Where Are the Investment Opportunities in Buying USD with the Appreciating TWD?
Active Short-Term Trading for Forex Experts
If you have confidence in your ability to predict exchange rate movements, you can directly trade USD/TWD or related currency pairs on forex platforms, capturing short-term or intra-day fluctuations. Another strategy is to use derivatives like forward contracts if you already hold USD assets, locking in the appreciation gains.
For Beginners: Volatility Trading
Newcomers to forex should remember a core principle: start small and avoid impulsive leverage. Many forex platforms offer demo accounts—use them to practice and test strategies before risking real money. Setting reasonable stop-loss points is crucial. In high-volatility environments, not having a stop-loss can lead to emotional trading and significant losses. It’s advisable to operate with low leverage on USD/TWD to prevent substantial damage from misjudgments.
Long-Term Investment Approach
From a long-term perspective, buying USD with the TWD amid appreciation makes sense given Taiwan’s solid economic fundamentals, strong semiconductor exports, and the TWD’s potential to oscillate between 30 and 30.5. However, it’s essential to keep FX positions within 5-10% of total assets and diversify into other global assets to effectively manage risk.
Don’t put all your eggs in one basket. Consider combining FX trading with investments in Taiwanese stocks or bonds. Even with currency fluctuations, a diversified portfolio can better control overall risk.
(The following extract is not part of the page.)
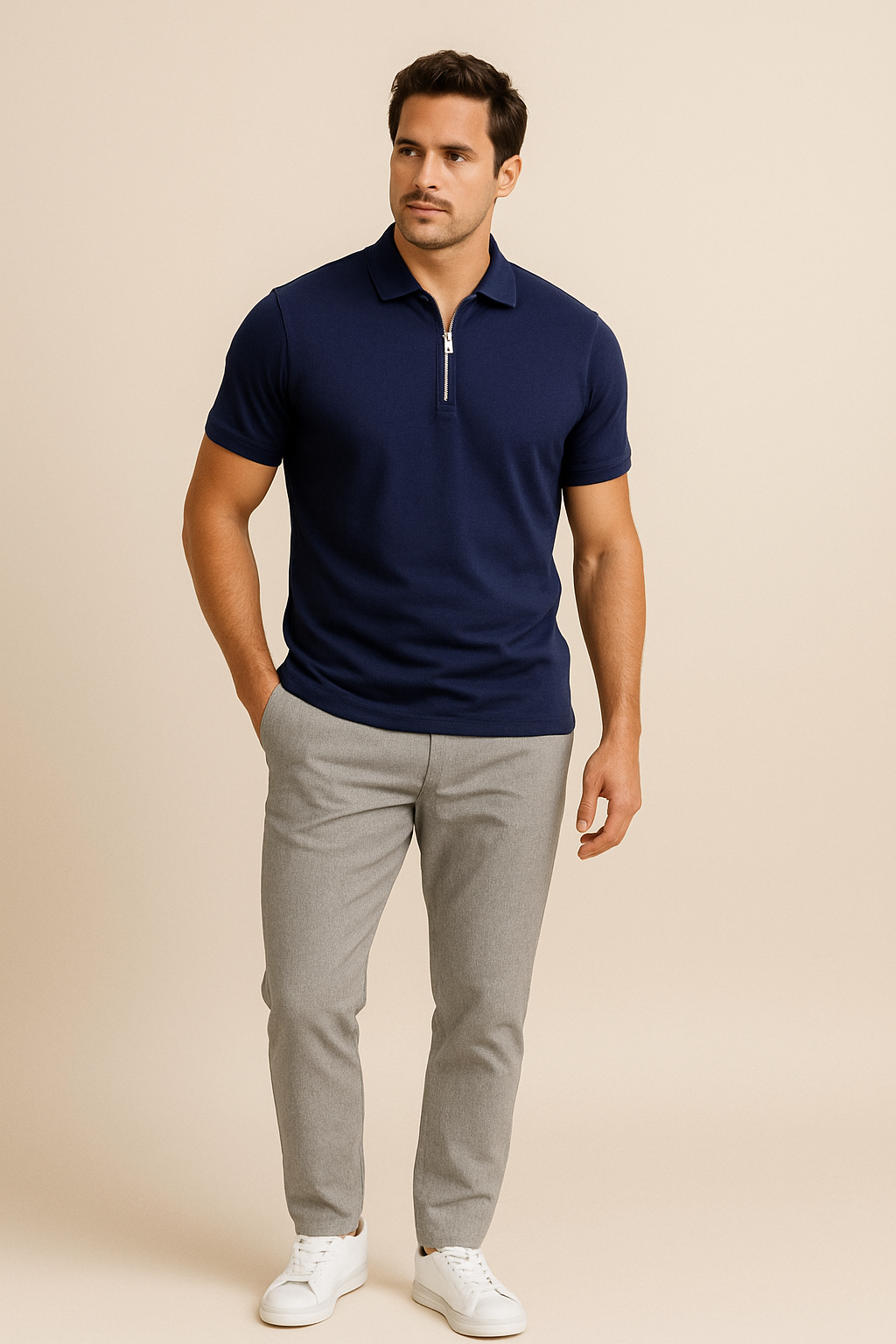Ashford | Robert Zip Polo Shirt – Slim Fit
Keep a close eye on the actions of Taiwan’s central bank and developments in U.S.-Taiwan trade, as these will directly influence future exchange rate movements.
The Truth Behind the Decade of Fluctuations: The Fed Is the Ultimate Decider of the TWD’s Appreciation
The past decade of exchange rate history reveals an important truth: The main determinant of the TWD’s appreciation or depreciation is actually in the hands of the Federal Reserve, not Taiwan’s central bank.
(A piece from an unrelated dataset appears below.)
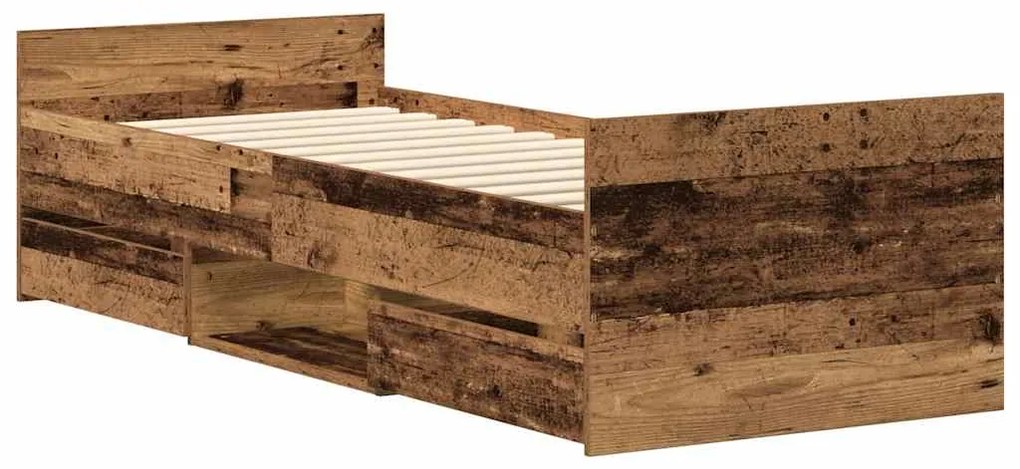 Estrutura de cama sem colchão 100x200cm derivados de madeira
Post-2008 Financial Crisis and Three Rounds of Quantitative Easing
After the 2008 crisis, the Fed launched three rounds of quantitative easing (QE). In December 2013, the Fed announced plans to taper the third round of QE, leading to rising U.S. interest rates and capital flowing back to the U.S., causing the USD to appreciate against the TWD from the 2013 lows to around 33.
Policy Reversals from 2015 to 2018
Between 2015 and mid-2018, following China’s stock market crash and European debt crises, the U.S. slowed its QT and continued QE, strengthening the TWD.
2018 Rate Hikes and the COVID-19 Shock
After 2018, the U.S. raised interest rates, aiming to maintain high yields and shrink its balance sheet. But in 2020, with the pandemic, the Fed expanded its balance sheet from $4.5 trillion to $9 trillion and cut rates to zero. Under this ultra-loose policy, the USD lost value, and the TWD soared to 27 per USD.
Post-2022 Inflation Fight
Since 2022, U.S. inflation spiraled out of control, prompting the Fed to rapidly hike interest rates, causing the USD to surge and the exchange rate to stay high. It wasn’t until September 2024, when the Fed ended its rate hike cycle and started cutting, that the USD/NTD rate fell back toward 32.
This history clearly shows that the TWD’s rate movements are mainly driven by the Fed’s interest rate policies, with Taiwan’s own interest rate changes playing a minor role. Most traders have a mental “rule”: if USD is below 30, it’s cheap enough to buy; above 32, it’s time to sell. For long-term FX investments, this reference point is valuable.
The current logic of buying USD with the appreciating TWD is based on this—anticipating that the Fed may enter a rate-cutting cycle, capturing the window of relative strength of the TWD might be more advantageous than waiting for some future moment.